Rituximab is an IgG antibody that targets the CD20 antigen of B lymphocytes, the precursor cell to antibody producing plasma cells. It depletes the pathogenic desmoglein antibodies in PV for 6–12 months [2]. Rituximab is FDA approved for various leukemias and lymphomas, rheumatoid arthritis, and some vasculitides. It is used off-label for PV.

The optimal dosing protocol of rituximab for PV treatment is unclear. Initial PV treatment with rituximab used the lymphoma dosing protocol of four weekly 375 mg/m² infusions. More recent studies examined the use of the rheumatoid arthritis dosing of 1,000 mg twice, 2 weeks apart. In a meta-analysis of 42 case reports and case series from 2000 to 2012 of rituximab therapy in PV patients recalcitrant to standard therapies, complete remission was achieved in 67 % (32/48) of patients from case reports and in 67 % (56/84) of patients from case series using the lymphoma protocol compared to 79 % (n = 59/75) of patients from case series following the RA protocol [3]. Both dosing protocols required the concurrent use of prednisone and/or other systemic therapies. Seven patients following the lymphoma protocol did not respond to treatment, while no patients on the RA protocol were non-responders. Relapse occurred in 23 % (30/132) of patients on the lymphoma protocol and in 36 % (27/75) on the RA protocol. Overall, this meta-analysis found that patients in the RA protocol had a higher response rate, a higher relapse rate, a higher number of infections, and a lower mortality rate compared to the lymphoma protocol. A recent, prospective, randomized, observer blinded study of 22 patients with PV or pemphigus foliaceus (PF) found no difference in time to disease control between patients treated with low dose rituximab (two 500 mg doses, 15 days apart) compared to the higher dose RA protocol, although relapse was more common and more adjuvant immunosuppressive therapy was needed in the low dose group [4].
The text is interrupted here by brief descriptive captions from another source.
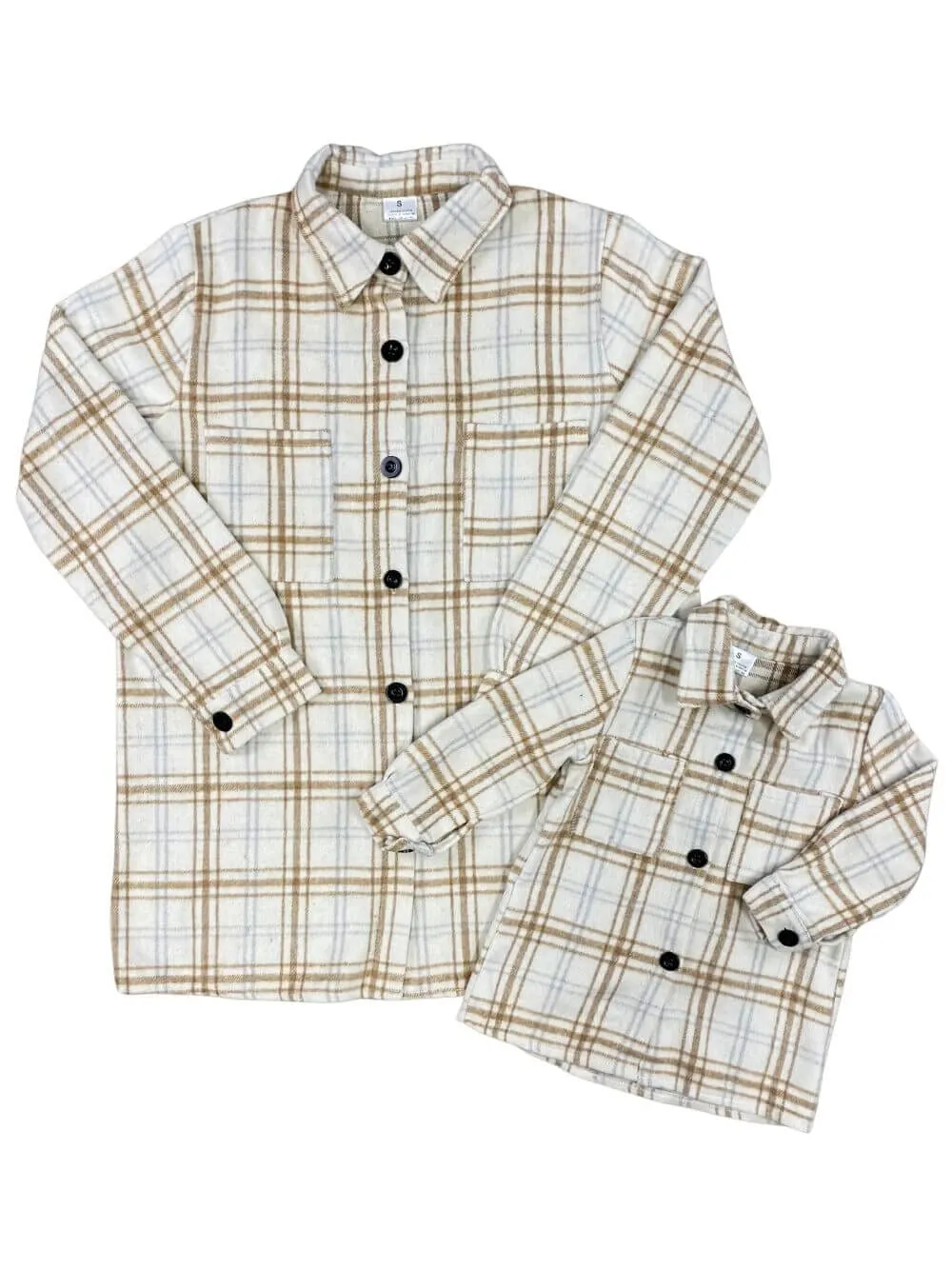 Mom and Me - Cream & Tan Plaid Shacket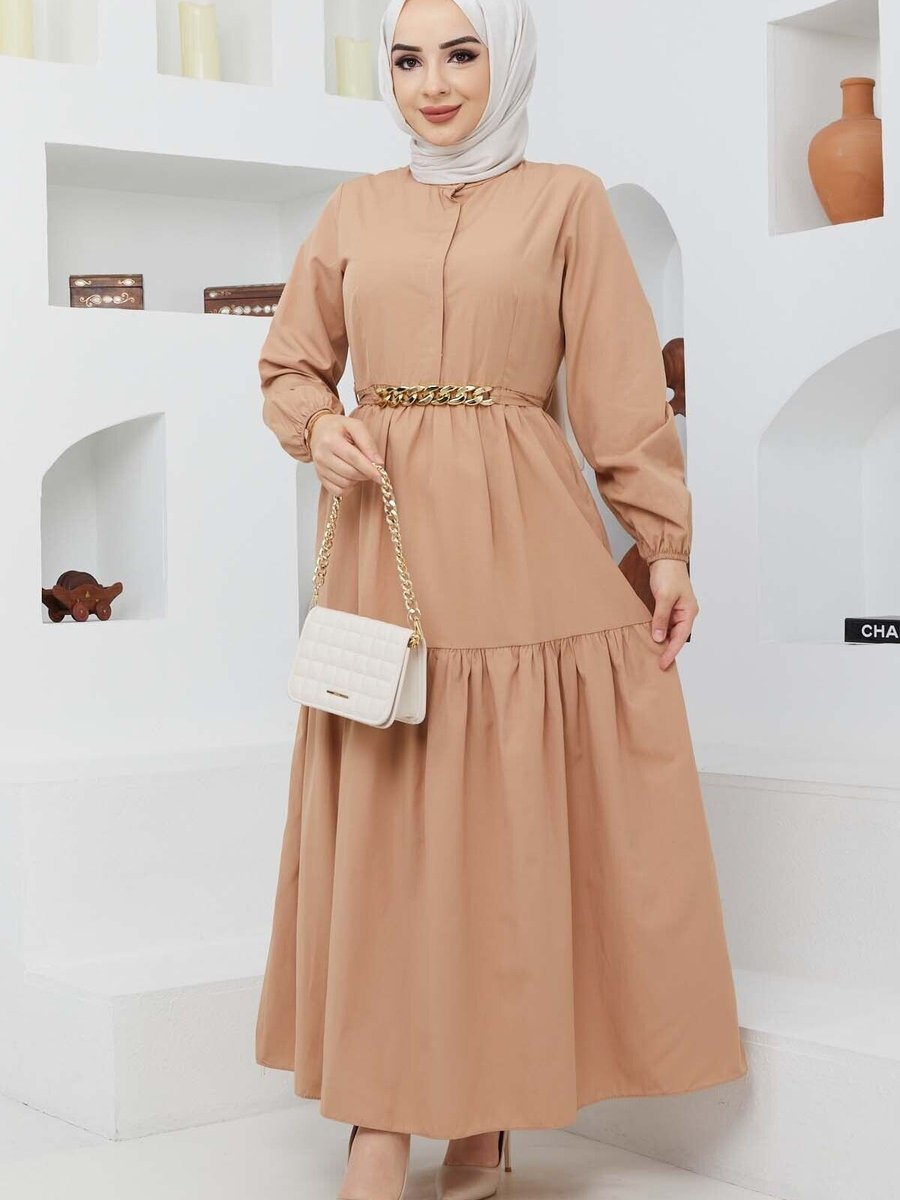 Marwella Camel Mabel Zincirli Elbise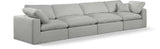 Comfy Grey Linen Textured Fabric Modular Sofa 187Grey-S158 Meridian Furniture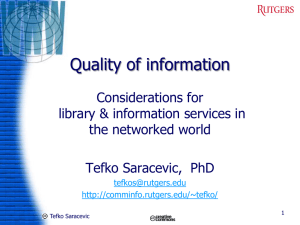 Quality of information Considerations for library &amp; information services in the networked world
A multicenter, prospective study of 14 PV patients with refractory disease treated with a single cycle of rituximab using the lymphoma protocol suggests that a second cycle of rituximab may be required only in relapse that cannot be controlled with first-line therapies. This study reported that 86 % (12/14) of subjects had complete remission of disease (defined as the epithelization of all skin and mucosal lesions) 3 months after the last infusion [5]. Of the remaining two subjects, one had complete remission by 180 days and the other by 360 days. All patients that were concurrently treated with steroids were able to significantly reduce their baseline prednisone dose. At the 34 month follow-up, 57 % (8/14) of subjects remained free of disease.
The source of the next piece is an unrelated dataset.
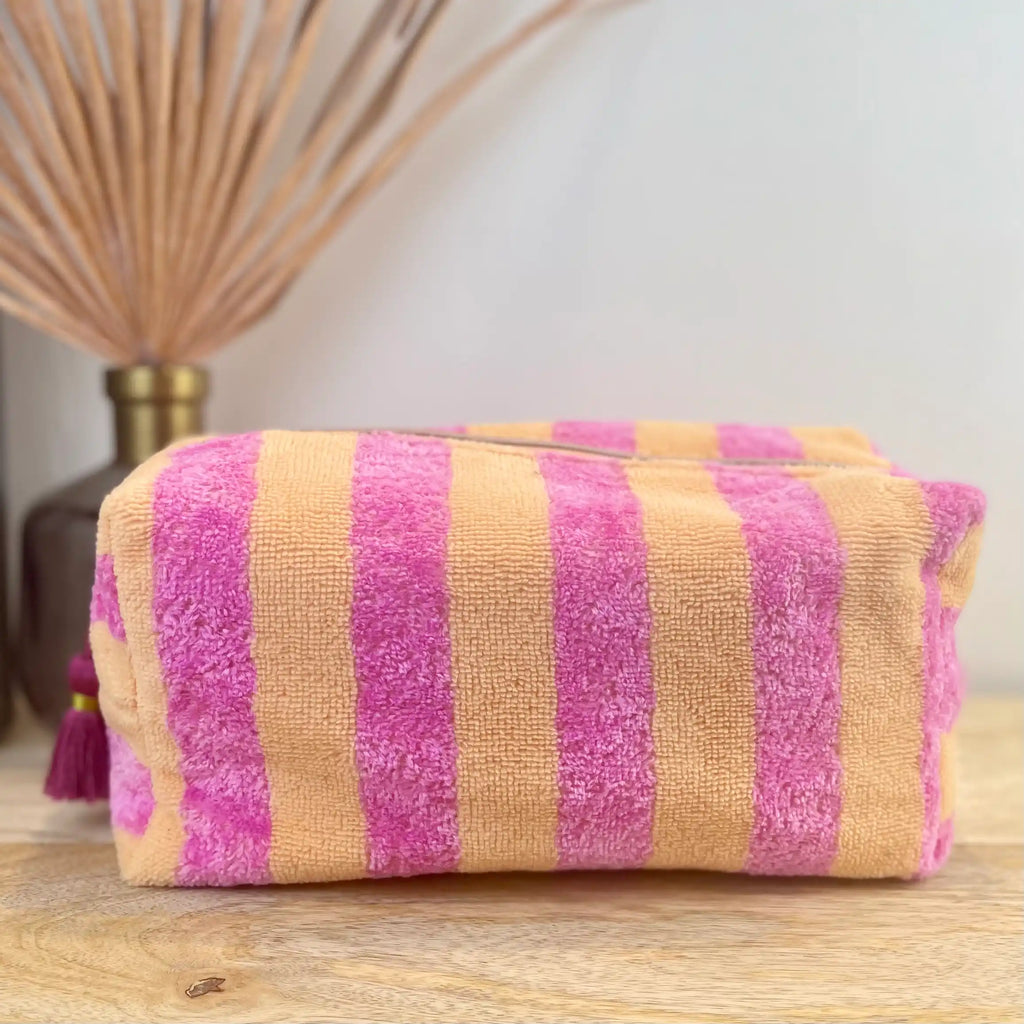 Nähset BOX BAG FROTTEE STRIPES rosa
In a later study, Lunardon et al. found that 100 % (24/24) of severe and/or refractory PV patients treated with rituximab had clinical disease activity improvement [6]. Patients were treated with either the lymphoma or RA dosing protocol for up to four cycles if needed to improve the clinical outcome or to treat relapses. 58 % (14/24) of patients reached the study endpoint: complete remission on no or minimal systemic therapy. There was no significant difference between the two protocols in achieving this end point. In addition, 46 % of patients (11/24) attained complete remission on no systemic therapy. Of note, the study examined an additional seven patients with PF and found similar results. The median relapse-free remission time of the combined PV and PF patients was 19 months. This study also found a significant decrease in the serum desmoglein index value (median change of −80 %) in ten paired serum samples of patients before and after therapy. Finally, the study found that treatment with rituximab earlier in the disease course yielded better outcomes. The median duration of disease prior to rituximab therapy was 19 months for patients who achieved complete remission on no or minimal systemic therapy compared to 86 months for patients who did not. The mechanism of incomplete remission and/or relapse in some PV patients treated with rituximab is unclear, but may be attributed to persistent B cells in the spleen or lymph nodes, or new bone marrow-derived B cells with novel immunoglobulin rearrangements [7].